PROBLEM ::
Copy word for word the lines of the records below, beginning at the one with "Angel Securities (eBook, ePUB)" and finishing at the one with "X0000074320167200609152041", ends included, but none of the pictures.

SUPPLIED DATA ::
--

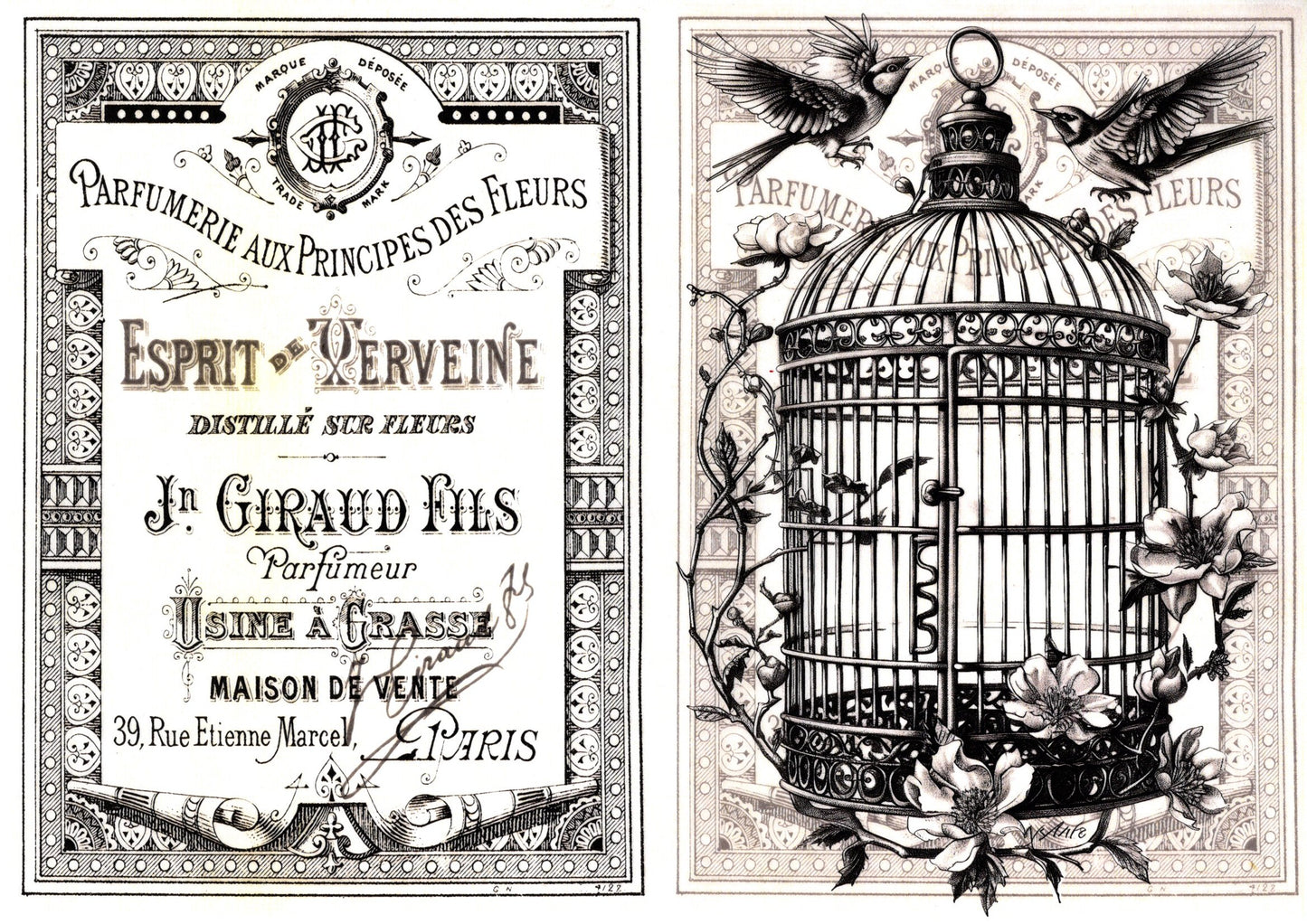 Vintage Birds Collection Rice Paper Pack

--

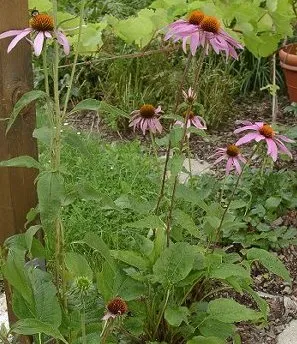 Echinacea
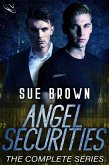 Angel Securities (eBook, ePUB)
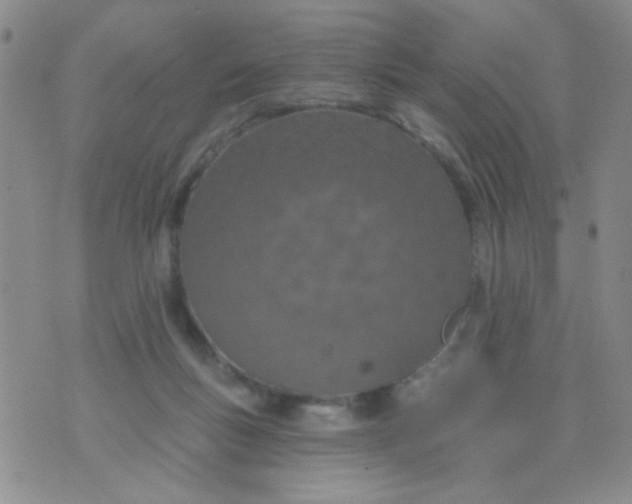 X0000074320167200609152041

--

COMPLETED EXERCISE ::
 Angel Securities (eBook, ePUB)
 X0000074320167200609152041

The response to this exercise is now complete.